C’è qualcosa di sorprendentemente bello che la Eredivisie, attualmente capitanata dal PSV, sta mostrando. Per scoprirlo bisogna andare proprio a Eindhoven, pagando il biglietto anche senza avere un reale fine. Sembrerà una delle più grandi stupidaggini della vita, d’altronde cosa c’è da vedere nel PSV, mica Messi. Poi passeranno quelle fatidiche due ore e sarà il momento di tornare a casa. Una cosa che si è scoperta odiosa perchè in quegli istanti la passione spinge a rimanere lì sperando che la partita continui per altri 90 minuti.

Sembra che la “colpa” di questa irrefrenabile sensazione sia Hirving Lozano. Allora bisogna capire cosa abbia di speciale.

IL PROFILO

Hirving Lozano è un messicano classe ’95, di ruolo ala sinistra ambidestra che dal 19 giugno 2017 veste la maglia biancorossa del PSV. Il club olandese è stato il più tempestivo a prelevare dal Pachuca questo talento cercato anche dalle due di Manchester e non solo. Il dato che colpisce è, però, la cifra sborsata: ben 8 milioni che ne fanno l’affare più oneroso dalla Liga MX, campionato messicano. Un’autentica scommessa per un giocatore che in patria non ci ha messo tanto ad imporsi: alla sua prima stagione tra i grandi ha segnato 10 volte e servito 4 assist.

L’interrogativo si pone, tuttavia, sull’impatto con il calcio europeo, ben diverso da quello sudamericano. Solo la risposta a questa domanda potrà dire se si è trattato di una delle più grandi stupidaggini oppure di un’occasione unica. Un po’ come andare a Eindhoven a vedere una partita senza avere un obiettivo prefissato.

IL REPERTORIO DEL “CHUCKY”

Lozano è soprannominato fin dalle giovanili Chucky: è il nome del personaggio del film La bambola assassina di Don Mancini. Si narra, infatti, che di notte si metteva sotto i letti per spaventare scherzosamente i compagni. Aldilà di questa leggenda, si tratta di un nomignolo azzeccato anche per come gioca in campo. Effettivamente trasmette paura… positiva. Il suo stile fa balzare in piedi chi lo guarda, incanta, rapisce.

Basta un’azione per capirlo: è quella del momentaneo uno a uno contro l’AZ Alkmaar, la sua prima rete olandese, all’esordio.

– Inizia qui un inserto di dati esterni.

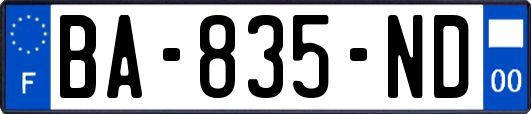 BA-835-ND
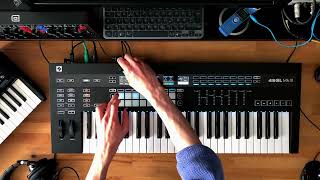 MB Live Sessions #02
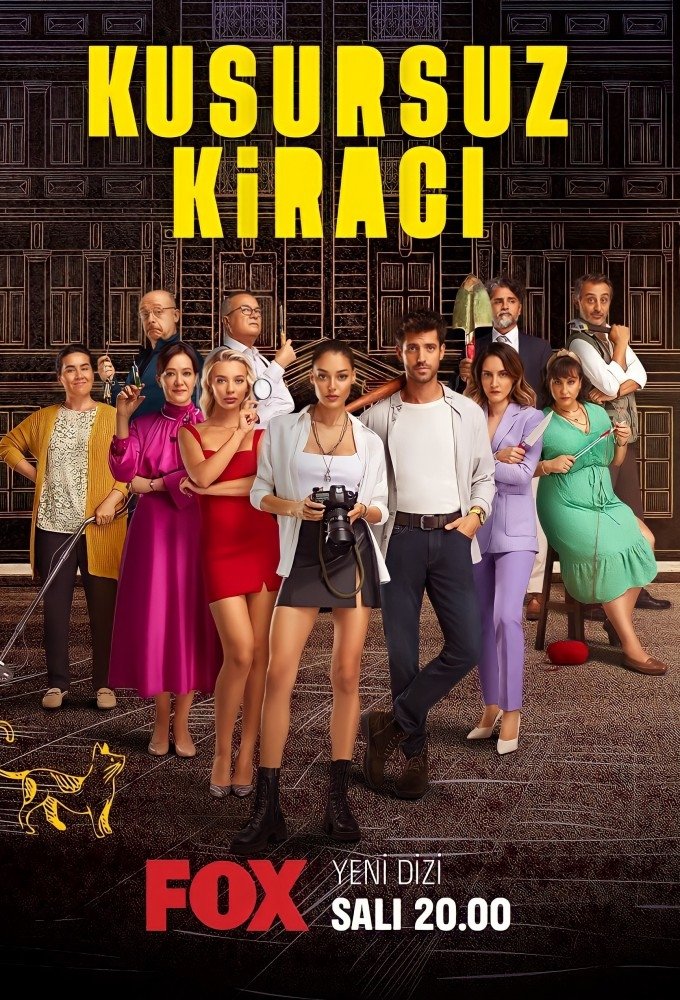 Kusursuz Kiraci S01 [Turkish] <span class="status-badge status-completed">COMPLETED</span>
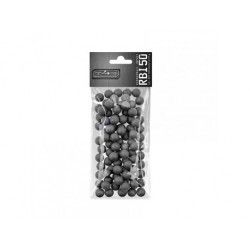 BILLES INSERT ACIER SACHET 100 CAL 50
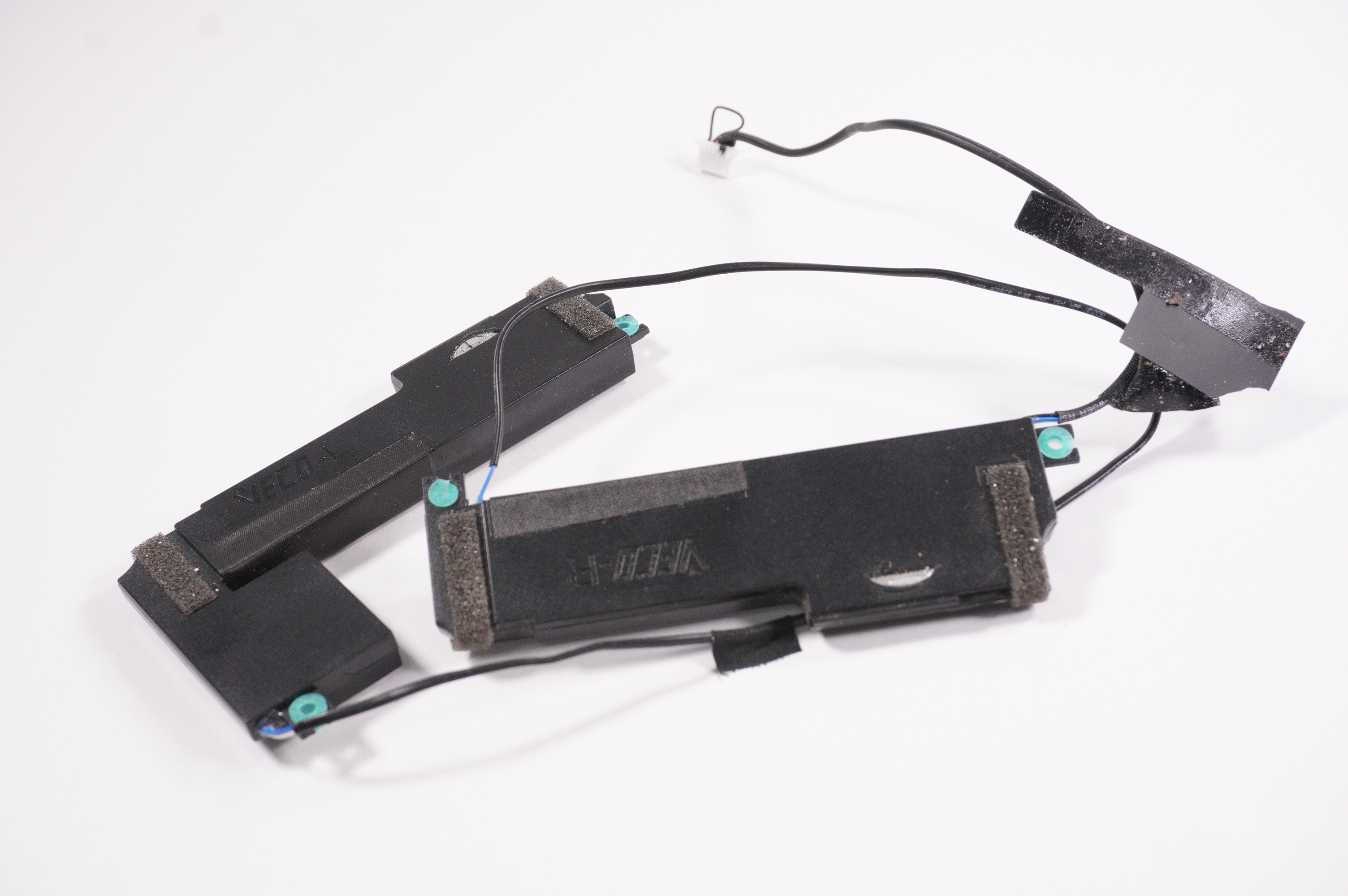 XDPWP Dell Speaker I7500-7289BLK-PUS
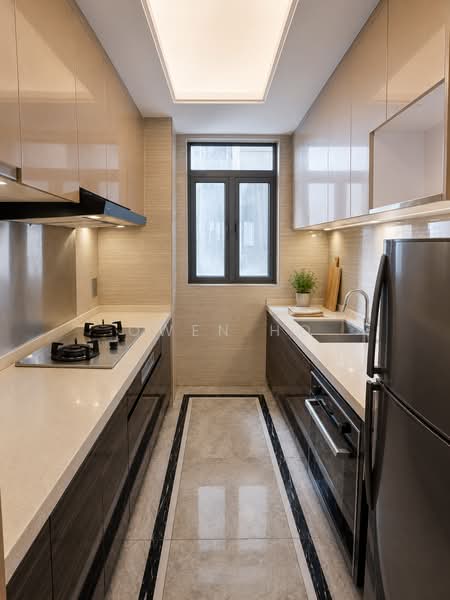 Service Residence for Rent at R&F Princess Cove Phase 1 - Owen Ho - PropertyGuru.com.my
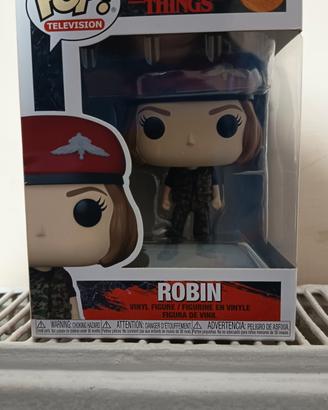 Funko Pop Stranger Things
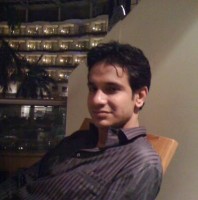 Siddharth Sid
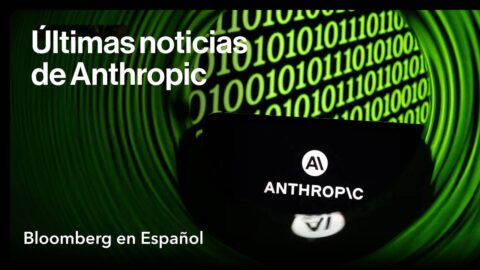 Anthropic prepara una salida a bolsa récord en el Nasdaq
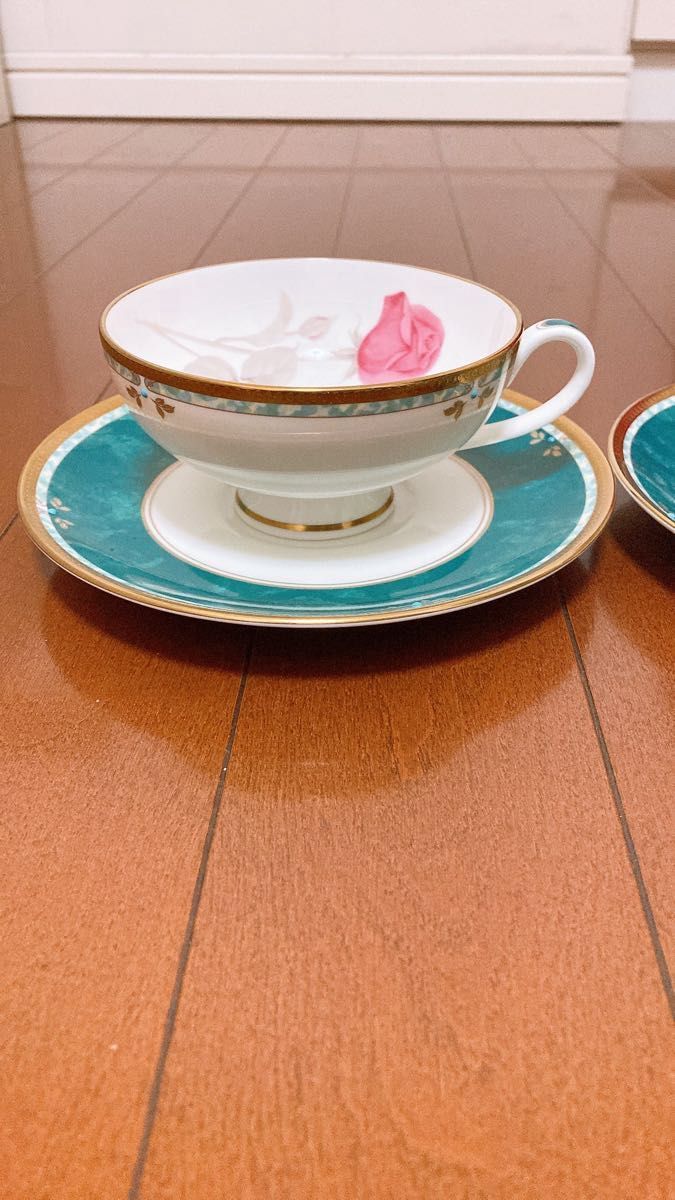 NARUMI ナルミ カップ 洋食器 ティーカップ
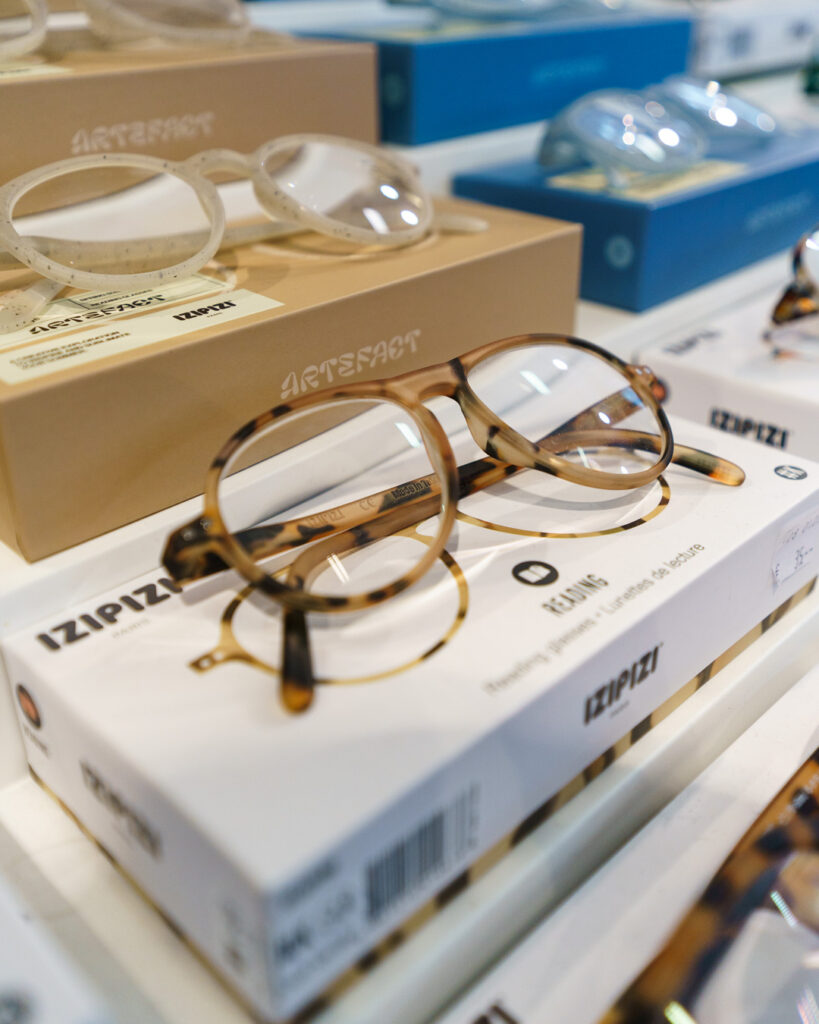 stammvoll Projekte Papeterie Ernst Schmid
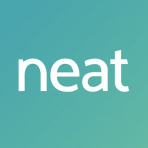 Neat Ltd logo
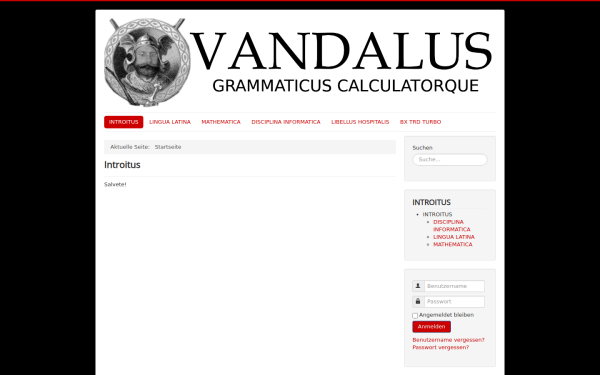 vandalus.de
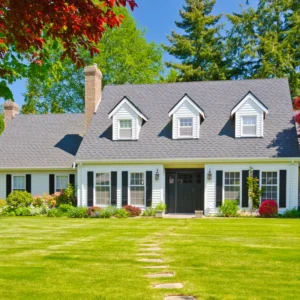 Medicaid&#8217;s Treatment of the Home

Riceve sull’esterno, tocco per controllare la sfera, si accentra, salta il difensore avversario e con una precisa rasoiata di destro buca la rete. Si tratta della sua azione tipo: parte dalla fascia, magari va in progressione palla al piede, poi si accentra, compie un po’ di dribbling e crea scompiglio in area. Ciò che impressiona non è tanto quello che fa, ma la semplicità e la fantasia con cui esegue.

Uno dei suoi punti di forza è la capacità di saltare l’uomo, ricorrendo spesso al dribbling. E’ un’ arma che usa anche quando non riesce a sfondare sulla fascia ed è costretto a tornare indietro.

Dopo aver vinto tre 1 vs 1, pur essendo lontano dall’area di rigore riesce a compiere un passaggio d’interno-collo a saltare la difesa.

Grazie alla sua velocità, fondamentale per risalire il campo, abilità nei duelli individuali e tecnica sopraffina sa essere di grande aiuto per la squadra. Nei sei match che ha finora disputato ha effettuato due assist e ben sette key passes, uno a partita praticamente. Il 77% delle occasioni create sono arrivate dalle fasce, maggiormente da quella destra, a testimoniare il suo dominio sulla parte esterna del campo.

Precedentemente si parlava di velocità, intesa come la corsa che la maggior parte delle volte compie nella sua zona di competenza. Il messicano è rapido, però, anche di testa.

Ha una lettura delle varie situazioni di gioco eccellente. In questa situazione intuisce le difficoltà in disimpegno dei rivali, così si lancia in anticipo, utile, dopo uno scambio con un compagno, a creargli l’occasione di tiro.

In ultimo, annotiamo la sua versatilità: oltre a giocare a destra e sinistra o da mezzala, sa anche segnare in tutti i modi. Ha un destro molto preciso, ma è riuscito a marcare il tabellino anche con colpi di testa, sfruttando i suoi 175 cm di altezza.

Davvero un bel destro!

LE CONCLUSIONI

I dubbi sul suo apporto in un nuovo campionato, quindi, Lozano non ci ha messo tanto a scacciarli, rendendosi fondamentale per la squadra. Se il PSV è in testa al campionato olandese a più tre punti dai campioni del Feyenoord effettivamente gran parte dei meriti sono i suoi. Oltre a essere il capocannoniere dei Boeren, è il più preciso sui cross, il secondo per tiri a partita (3.2) e per contrasti vinti palla a terra e il terzo per take-ons riusciti.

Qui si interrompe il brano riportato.